Polymarket public trade fallback has its own cache:
~/.cache/nautilus_trader/polymarket_trades
Cache clearing:
make clear-telonex-cache && make clear-pmxt-cache && make clear-polymarket-cache
The clear targets are intentionally scoped to replay caches. They should not delete configured local raw PMXT mirrors or local Telonex mirrors.
Downloading Local Data
Mirror PMXT raw archive hours:
make download-pmxt-raws DESTINATION=/path/to/pmxt_raws
The PMXT downloader is incremental. Existing local hours are skipped unless overwrite behavior is requested, so reruns fill gaps without replacing completed raw files.
Mirror a bounded Telonex window:
TELONEX_API_KEY=... make download-telonex-data TELONEX_DOWNLOAD_FLAGS='\
--market-slug us-recession-by-end-of-2026 \
--outcome-id 0 \
--channels book_snapshot_full onchain_fills trades \
--start-date 2026-01-19 \
--end-date 2026-02-01'
Mirror Telonex for all markets:
uv run python scripts/telonex_download_data.py \
--destination /Volumes/storage/telonex_data \
--all-markets \
--channels book_snapshot_full onchain_fills trades
Use --max-days for bounded smoke tests before a full mirror. The Telonex
manifest records completed and empty days, so interrupted downloads can resume
without repeating completed work.
Progress And Timing
Timing output is enabled by default for make backtest, uv run python
main.py, and direct public runners that use @timing_harness.
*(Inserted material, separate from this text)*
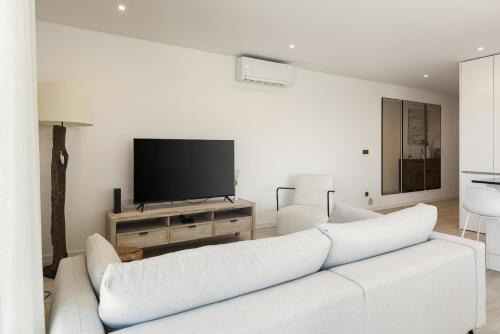 Terracos de Quarteira II White by Real Properties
The useful progress lines are plain log lines:
PMXT book progress [####--------------------] 1.0/6 hours (15.9%; started=6, done=0, active=6) prefetch: r2 raw 92.0 MiB/403.1 MiB 11.9s | +4 more
Telonex book progress [##############----------] 4.0/7 days (57.1%; started=7, done=4, active=0)
Source labels tell you what actually happened:
cache: PMXT filtered cache hit.local raw: PMXT local raw hour was scanned.r2 raw: PMXT archive hour was downloaded.telonex deltas cache: materialized Telonex book replay hit.telonex local: Telonex local mirror supplied the day.telonex api: Telonex API/cache path supplied the day.none: no configured source had the requested hour/day.
Quiet opt-outs:
BACKTEST_ENABLE_TIMING=0
BACKTEST_LOADER_PROGRESS=0
BACKTEST_LOADER_PROGRESS_LINES=0
Use the first variable to disable the repo timing harness entirely. Use the loader-specific variables only when you want timing but not loader progress.
Failure Semantics
Missing PMXT hours warn and reset book state. This is intentional: carrying incremental L2 changes across a missing full snapshot would make the replay more confident than the data supports.
Missing PMXT local files do not automatically mean failure if an archive source is configured after the local source. The archive can satisfy the replay and optionally backfill the local raw root.
Missing or empty Telonex API days fall through to the next configured source.
Unreadable parquet files warn and are skipped. Empty Telonex onchain_fills
fall through to Telonex trades, then Polymarket public trades.
Source failures should stay visible in normal logs. Do not hide errors or warnings that could make a backtest look more complete than the data really is.